1) シリカガラスとアルカリ金属塩との反応において、温度に対する深さ依存性で生じる900℃~1000℃付近の活性化エネルギーについて、結晶相との相関を調べた。その結果、SiO2の結晶相の構造変化が影響していることが示唆された。また、アルカリ金属塩(NaCl)とシリカガラスとの失透の関係において、空気中、酸素中、窒素中、真空中で失透の状態を調べたところ、結晶化の進行は雰囲気中に含まれる微量のH2Oが不純物との界面でNaClの分解を促進することにより、シリカガラスと反応しやすい状況が形成されることが分かった。

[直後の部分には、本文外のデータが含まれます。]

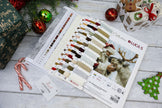 Lucas color swatch book with Christmas-themed decorations on a wooden surface
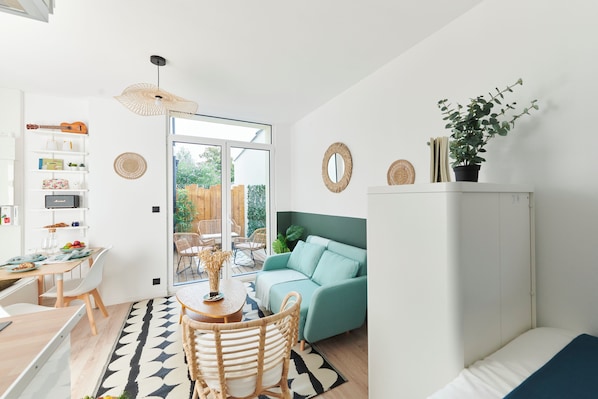 Un espace de vie moderne comprenant un coin repas, un canapé, un meuble et une plante en pot.
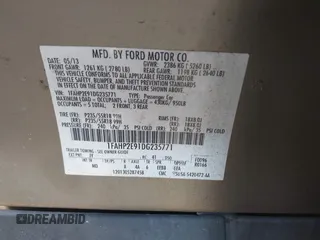 2013 Ford Taurus SEL with VIN 1FAHP2E91DG235771, listed as a IAAI auction lot 40210537 with 179,780 mi miles and . Bid and sale history available at carsss.com. Image 9.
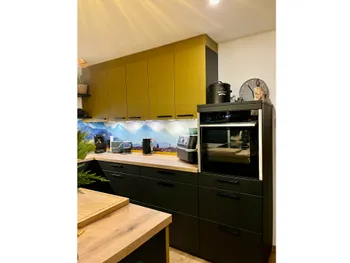Olivgrüne Küche mit schwarzen Unterrschränken und Backofen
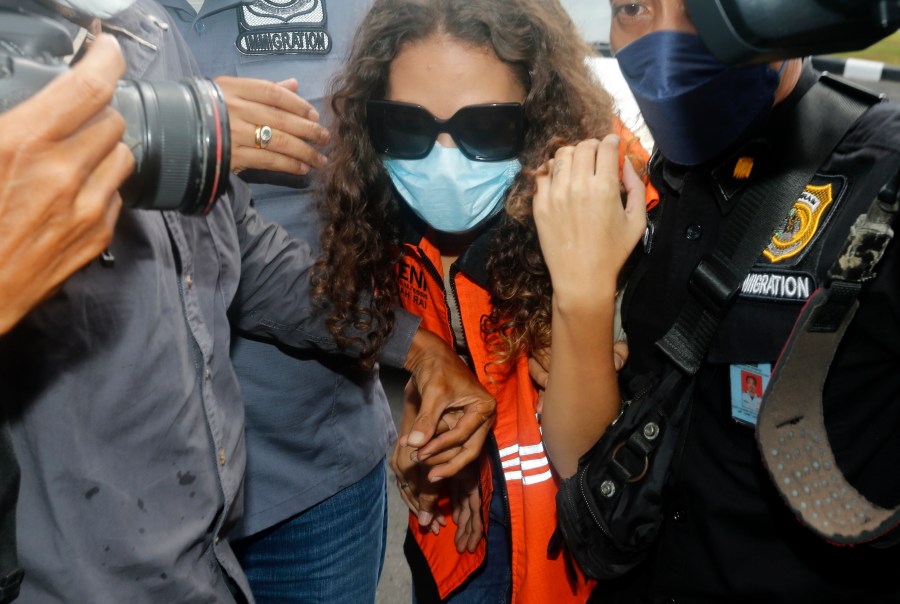 Heather Mack of Chicago, Ill., center, escorted by immigration officers to Immigration detention center in Jimbaran, Bali, Indonesia on Friday, Oct. 29, 2021. Indonesian authorities on Tuesday, Nov. 2, 2021, announced that Mack, an American woman convicted of helping to kill her mother on Indonesia's tourist island of Bali in 2014, is preparing to leave island to be deported to the United States after serving seven years of a 10-year sentence. (AP Photo/Firdia Lisnawati, File)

2) 固体電解質が示すイオン伝導度の温度依存性について、以前の研究で提案された粘性に対する結合強度・配位数揺らぎモデルを拡張し、非アレニウス型イオン伝導度を記述する表式を得た。このモデルによると、イオン伝導度の非アレニウス性は、イオン拡散経路上に異なる結合力および配位数のサイトが存在することに起源をもつ。また、当モデルに基づく解析の結果、2元化合物において6配位-4配位の構造変化が生じるイオン度の閾値からの逸脱の度合いは、結合力と配位数の揺らぎと相関をもつことが示された。加えて、銀系イオン伝導体とペロブスカイト構造をもつリチウム系イオン伝導体では、異なる相関を示すことが分かった。